Синицы никогда не едят скопом, как воробьи или голуби, не устраивают «кучу малу», а непременно чередуются. Так кормятся они и в природе, перепархивая с ветки на ветку на приличествующем расстоянии. Такая предупредительность объясняется тем, что их корм в естестве не бывает насыпом, а всегда нуждается в поиске. А для поиска нужно дать время. Оказывается, подобная деликатность рождается целесообразностью, полезной для всего клана.

Но зато сильный всегда ест первым, если пищи оказывается сразу много, как в нашем случае с кормушкой.
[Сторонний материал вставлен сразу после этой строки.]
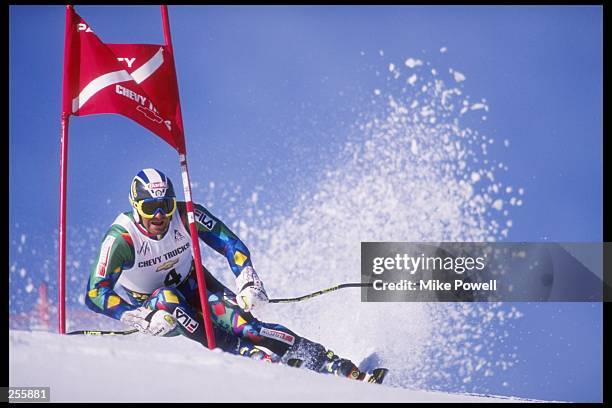 Alberto Tomba of Italy performs during the World Cup Slalom event in Park City, Utah. Mandatory Credit: Mike Powell /Allsport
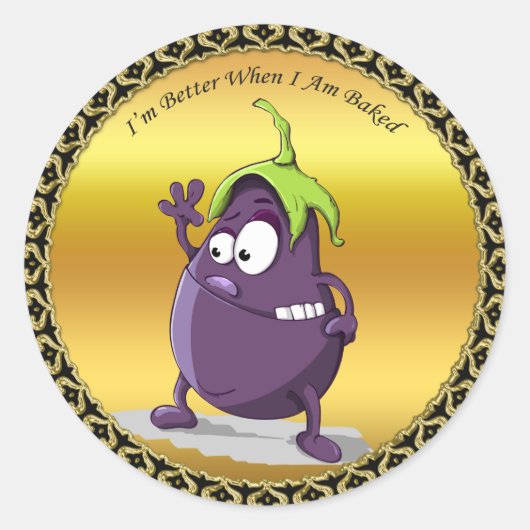 大きな目の緑の髪の漫画のナス ラウンドシール (正面)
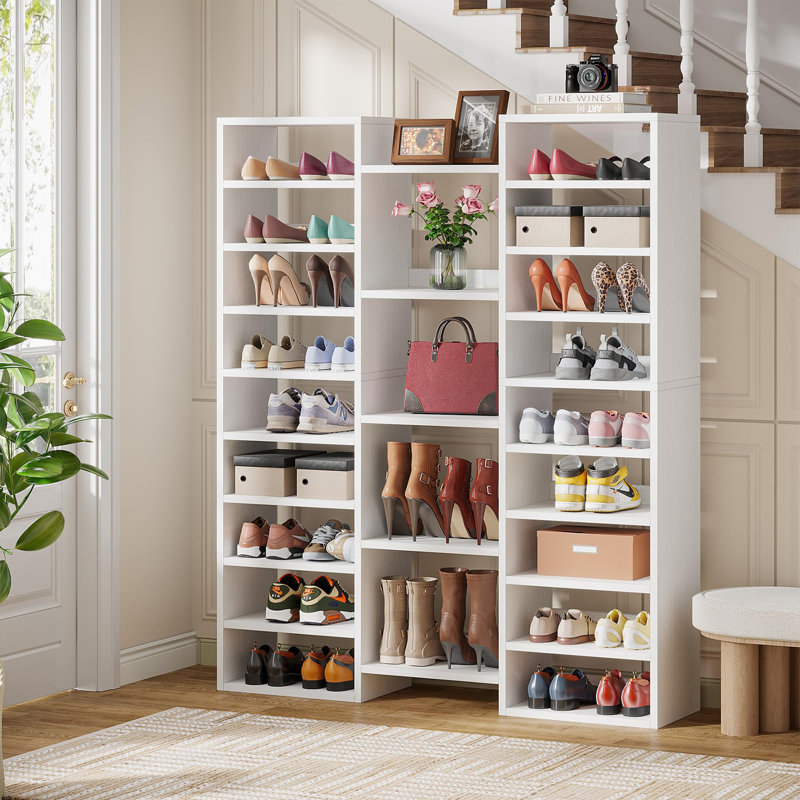 14-Tier Shoe Rack, White Shoe Storage Cabinet with 22 Open Cubbies, 46 Pairs Wide Entryway Shelf for Shoes, White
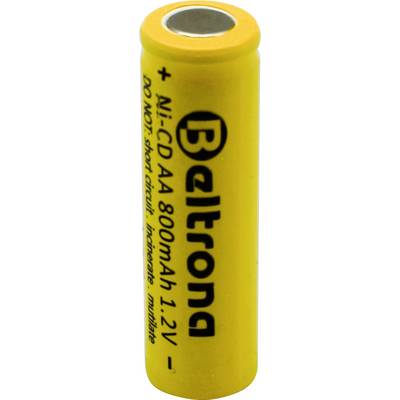 Une pile rechargeable AA jaune avec l'inscription 'Beltrona', 800mAh, 1,2V, et des instructions de sécurité imprimées dessus.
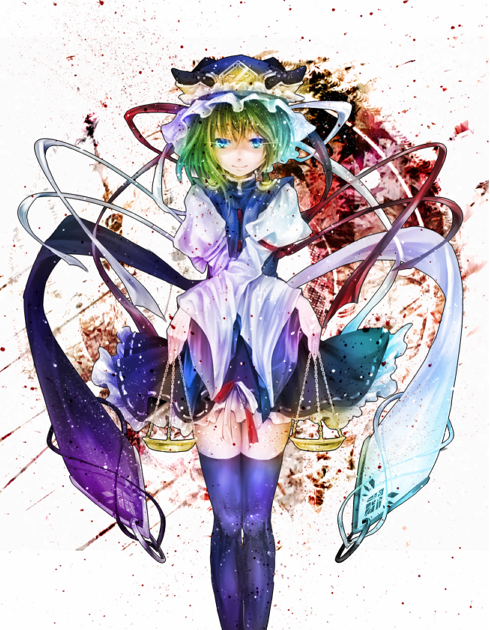 blue_eyes, green_hair, hat, scale, shikieiki_yamaxanadu, silentdin, smile, solo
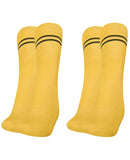 Mukhaksh (Pack Of 2 Pairs Boys Kids Yellow Socks With Sky Blue Stripes Border Lining, Yellow With Sky Blue Stripes Calf Length L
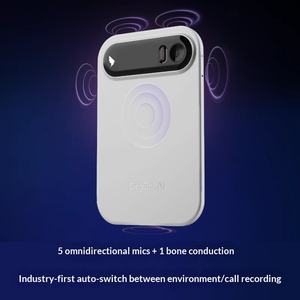 딩톡 A1 지능형 AI 녹음펜 회의용 마이크 실시간 받아쓰기 및 번역 브라이트 문 실버 - Product Image 1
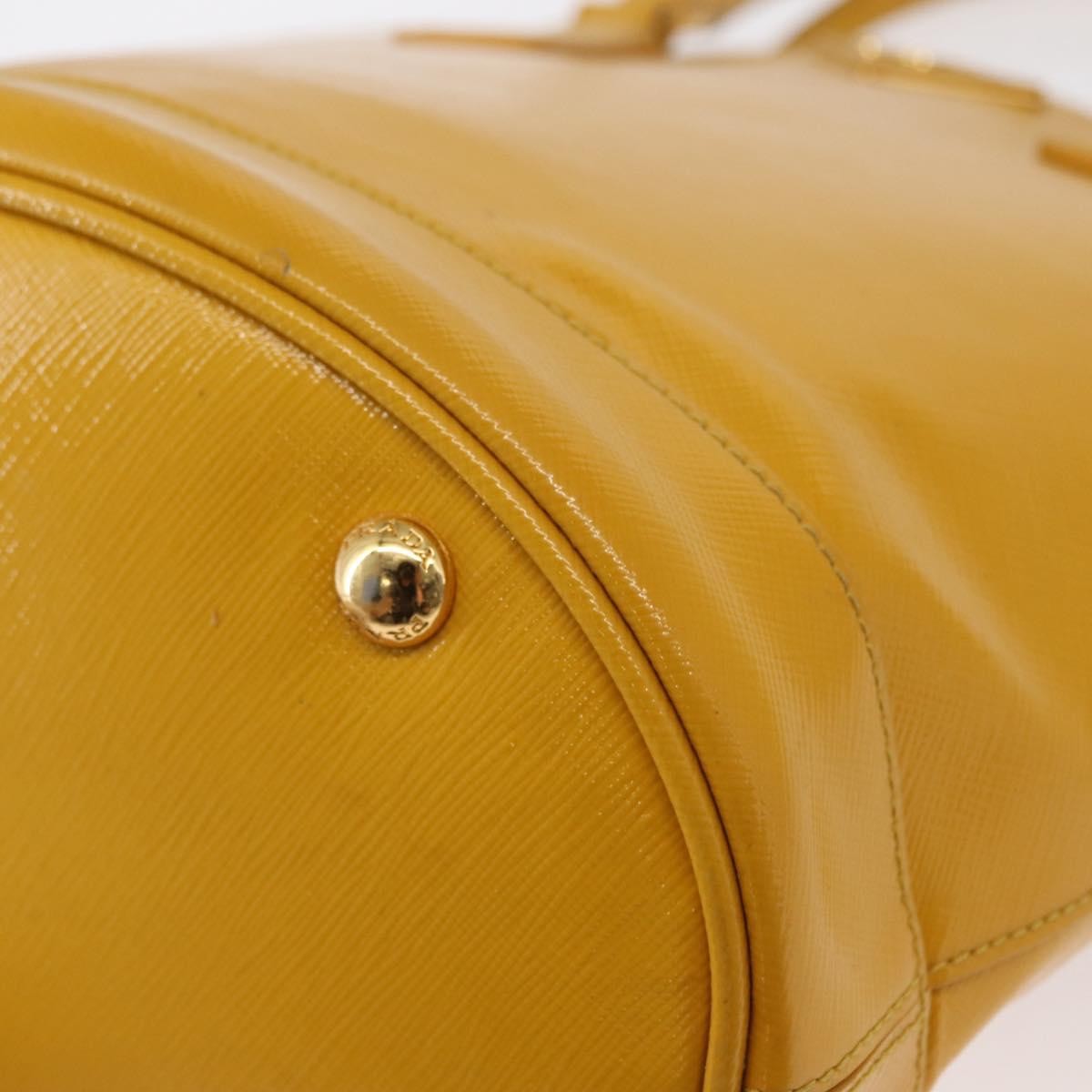 Prada Lux Convertible Bucket Tote Saffiano Leather, YELLOW, LEATHER, Handbag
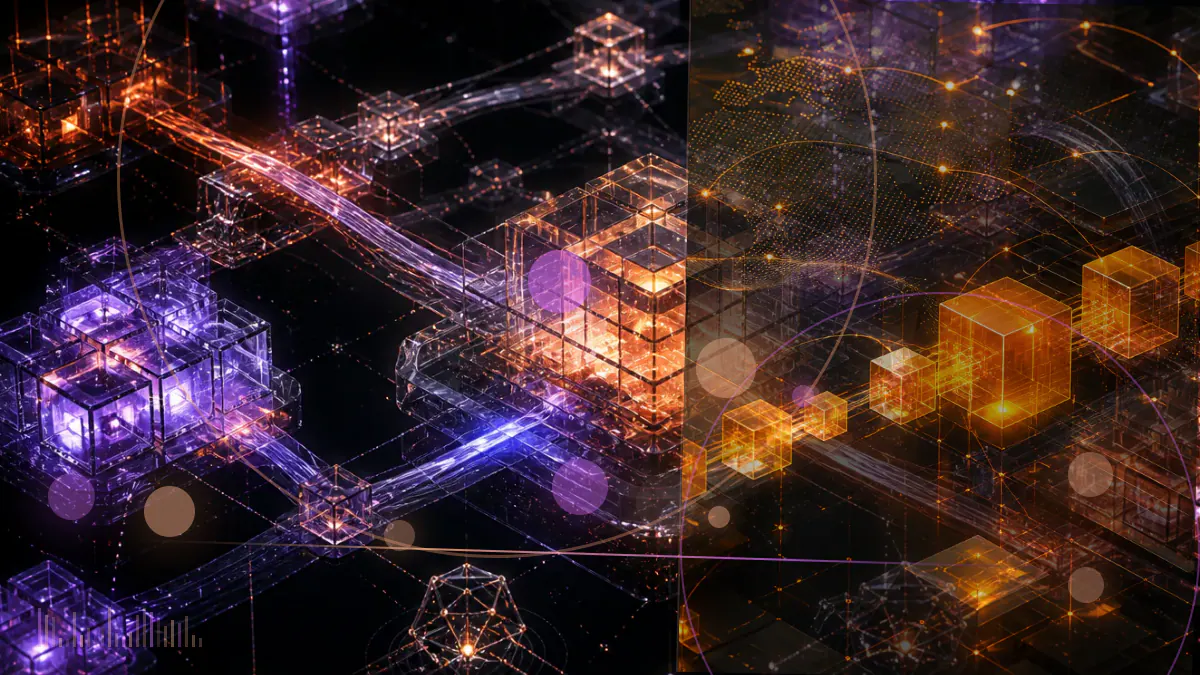 Conceptual illustration of bitcoin mining computers disconnecting from a map of mainland China beneath a regulatory warning signal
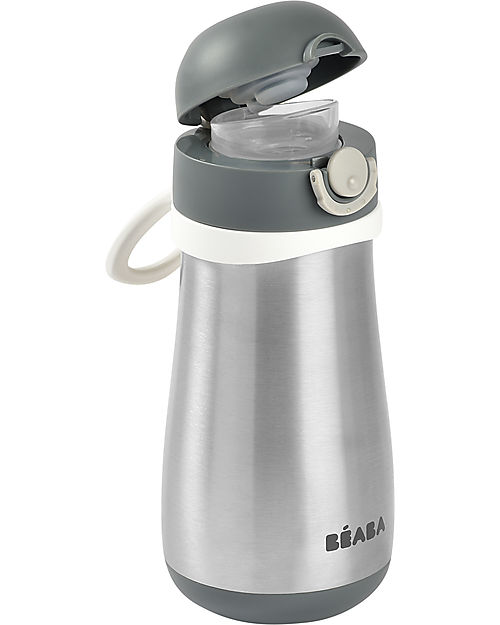 Béaba Borraccia Termica in Acciaio Inossidabile con Manico - 350 ml - Mineral Grey Borracce non Termiche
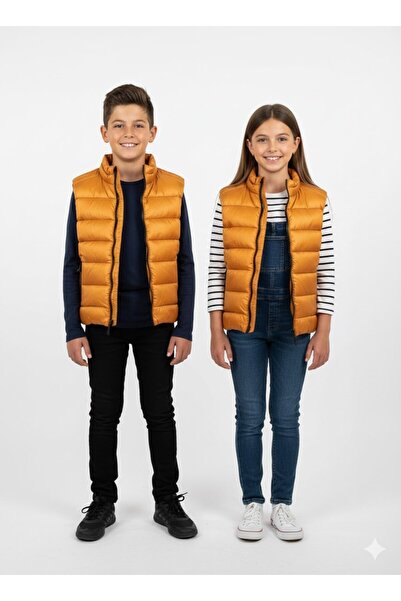 YusGos Unisex Kız/erkek Bebek Çocuk Cepli Şişme Dolgulu Yelek(2-15 Yaş)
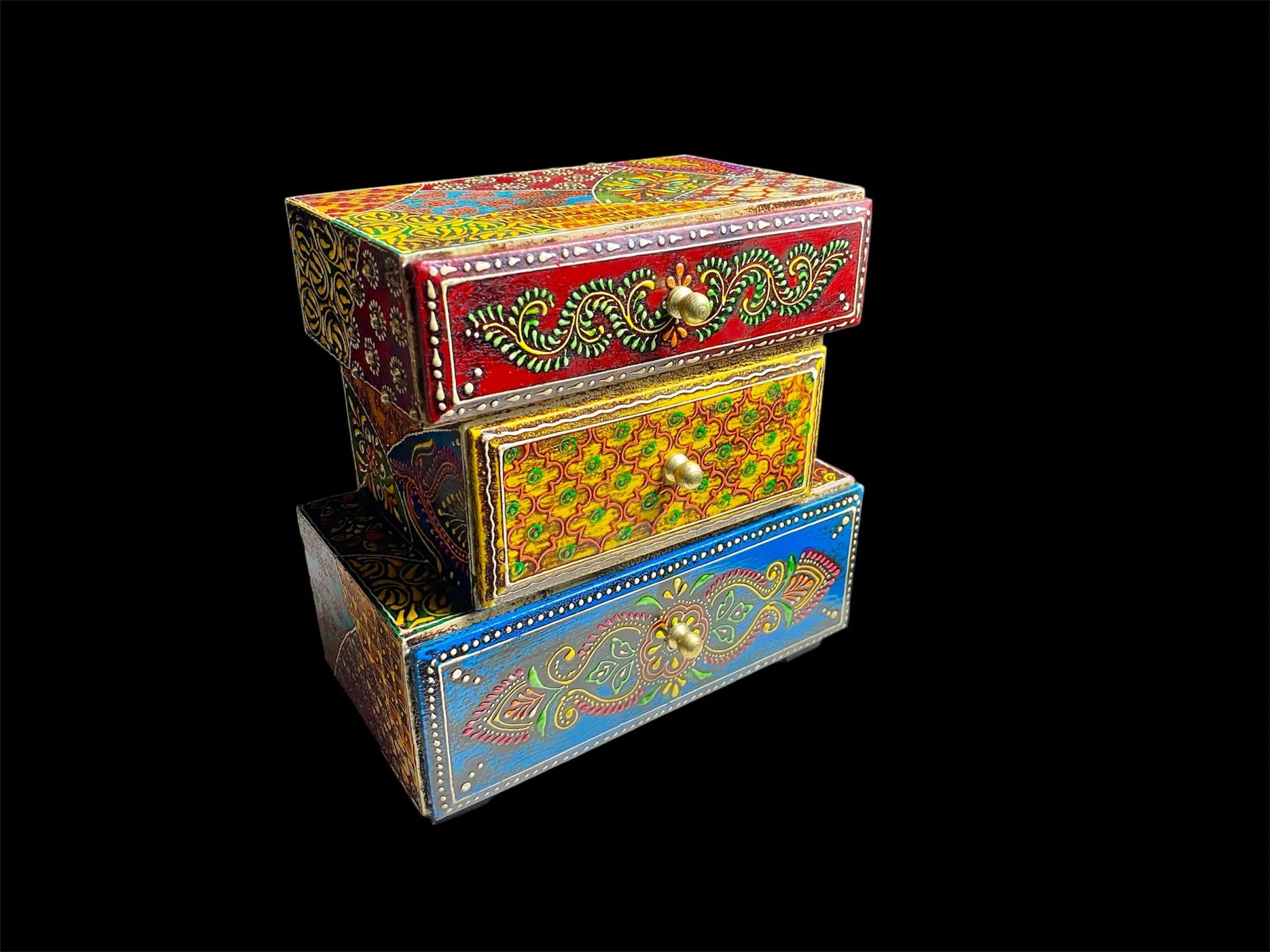 Decorative Painted Box - Stacked With Three Drawers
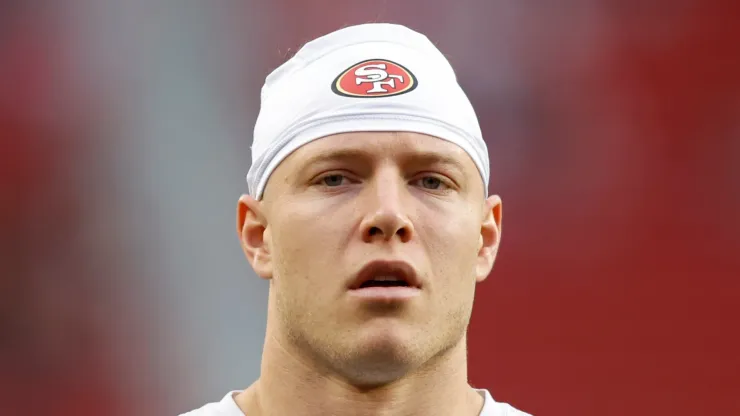 Christian McCaffrey #23 of the San Francisco 49ers warms up before the NFC Divisional Playoffs against the Green Bay Packers at Levi's Stadium on January 20, 2024 in Santa Clara, California.
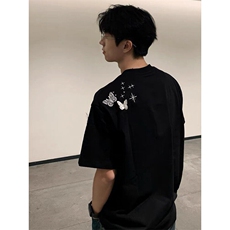 全刺绣蝴蝶纯棉短袖ZX0256-P35，男装T恤，星座313A(原308A-2)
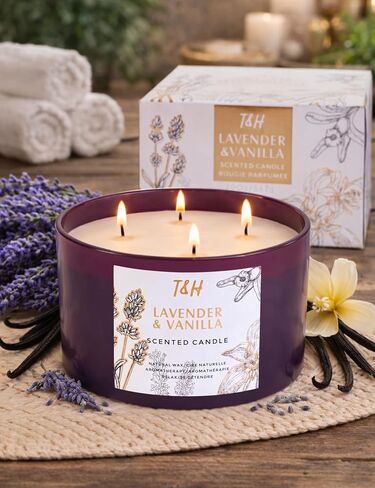 Lavender Vanilla Candle | 4 Wick Extra Large Scented Soy Candles 20 oz | Highly Scented Aromatherapy Lavender Candle for Women | Relaxing Stress Relief Home Scent | Long Lasting Clean Burn in Kuwait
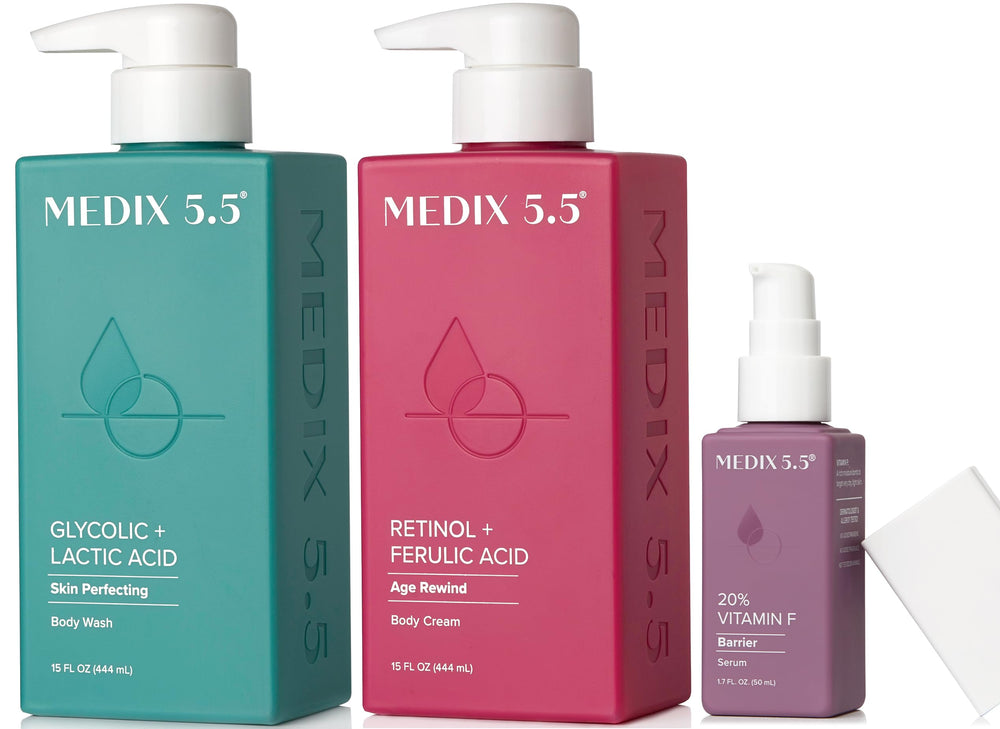 Medix 5.5 Retinol Body Cream application boosts firmness and smoothness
И это тоже, в общем-то, синицам на пользу: для сохранения вида нужны крепкие особи, выстоявшие в борьбе за выживаемость.

Примерно то же самое ныне происходит и с нами, в пору нагой силы и бесправия, не правда ли? Что ж, дикая сила – она ведь на определенной стадии тоже участвует в становлении разума. А пока блага – не по закону, а по весьма условной совести. Самому же совестливому Бог подаст и упокоит.

Именно такая совестливая душа и объявилась на другой день у кормушки. Это оказалась синичка-лазоревка. Ну такая махотуля, такая кроха, меньше и выдумать нельзя. Что твой пуховой бубенчик на малышевой шапочке. А ведь тоже ежегодно высиживает по двенадцать – пятнадцать деток. А лазоревкой ее зовут за то, что много на ней голубых и лазоревых перышек и в крыльях, и в хвостике, и даже шапочка на ней не черная, как у обычных синиц, а нежно-голубая.

Сквозь штору вижу, что и ей хочется отведать подсолнушка, переминается на перильце, тянет головку, вострит крылышки, однако все ей боязно сунуться в синичью круговерть: враз затолкают, уронят наземь, а прав у нее никаких – чужая она, нездешняя, может, и не курская, и никто ее здесь не знает, даже не принимают за синицу. Теперь вот кочует, пробавляется чем придется, пробирается на юг до тех пор, пока будут встречаться деревья. Да вот запахло семечками, поди, останется тут на недельку, пока кормят…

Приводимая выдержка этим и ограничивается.